(Source: Shutterstock)
The Allen Institute for AI (Ai2) has introduced Asta, a new AI platform that combines an agentic research assistant, a benchmark suite for evaluating scientific agents, and developer resources for building and testing tools. Ai2 positions Asta as a way to make agentic workflows more transparent and reproducible for research tasks.
At the center of this release is the Asta assistant, an AI agent built for common scientific workflows. The assistant is designed to help scientists find relevant papers, generate literature summaries with citations, and, in a limited beta, run basic data analyses. Ai2 says these functions are intended “to work the way scientists think,” while helping frame research questions, trace ideas to evidence, and clarify what’s established or still unresolved in a field.

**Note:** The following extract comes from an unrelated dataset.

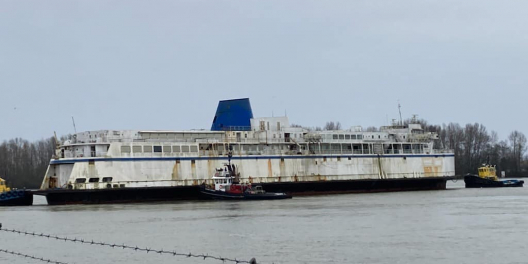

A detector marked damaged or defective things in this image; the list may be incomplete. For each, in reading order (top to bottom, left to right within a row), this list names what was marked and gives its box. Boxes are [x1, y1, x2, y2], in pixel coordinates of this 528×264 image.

rusting ship hull [34, 177, 450, 206]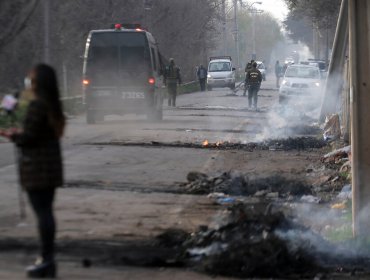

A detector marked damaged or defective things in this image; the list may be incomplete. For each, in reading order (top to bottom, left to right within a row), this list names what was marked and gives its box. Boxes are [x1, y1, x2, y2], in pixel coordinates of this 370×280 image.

pile of burnt debris [181, 171, 314, 197]
pile of burnt debris [156, 205, 370, 278]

AstaBench is the second part of the release. It is an evaluation framework and set of benchmarks that test agents across four categories: literature understanding, code and execution, data analysis, and end-to-end discovery. The initial suite includes more than 2,400 problems organized into 11 benchmarks. Ai2 says this benchmark suite will help scientists identify which agents best support their needs through task-relevant leaderboards, while giving AI developers a standard execution environment and standard tools to test the scientific reasoning capabilities of their agents. These results compare to a large integrated collection of well-known baselines from the literature, the company says, including both open and closed LLM foundation models and agents.

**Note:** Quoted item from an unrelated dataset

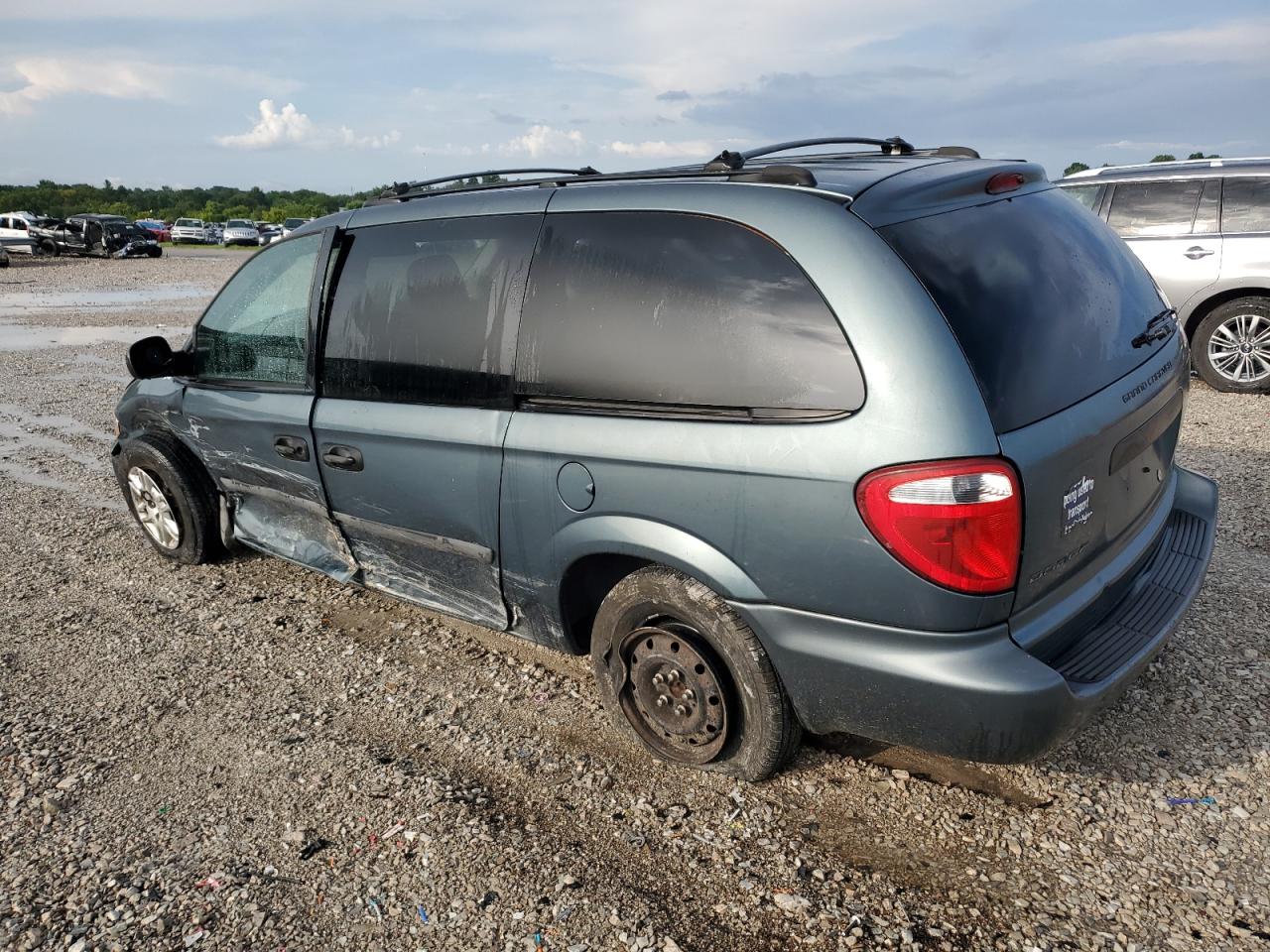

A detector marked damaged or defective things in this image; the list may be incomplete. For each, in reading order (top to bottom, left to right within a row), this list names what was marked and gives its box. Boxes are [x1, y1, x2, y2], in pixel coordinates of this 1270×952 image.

wrecked vehicle [31, 215, 161, 258]
damaged gray minivan [116, 140, 1222, 781]
wrecked vehicle [116, 141, 1222, 781]
cracked tail light [853, 458, 1024, 591]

As a third piece of this new ecosystem, Ai2 also released Asta Resources for developers, a complete environment for AI developers to build, test, and refine trustworthy scientific AI agents. Asta Resources provides first-party Asta and baseline agents, methods for searching and navigating the scientific literature, and agent tools that are integrated with AstaBench. The set includes the Scientific Corpus Tool, an MCP extension of the Semantic Scholar API, that gives agents free access to a normalized index of more than 200 million papers, which serves about 1.5 billion queries each year, Ai2 claims. Designed for seamless use with agents via MCP, it supports both sparse and dense full-text semantic search across open access papers and adds functions for common graph-based discovery strategies, such as starting from one paper to find newer work that cites it or locating other papers by the same authors. The library also includes open source agents and open language models that are post trained for science.

(Source: Ai2)
Ai2 plans to add more skills to Asta as each reaches a clear bar for accuracy and explanation. The goal is a single interface that brings advanced capability into one place while keeping researchers focused on science. Planned features include experiment replication, where the agent can duplicate computational studies described in papers by locating code repositories and data and loading the right packages. Another is hypothesis generation that proposes and refines testable questions grounded in prior evidence and flags promising leads. A third area is scientific programming, with code to clean data, run simple machine learning, and execute simulations.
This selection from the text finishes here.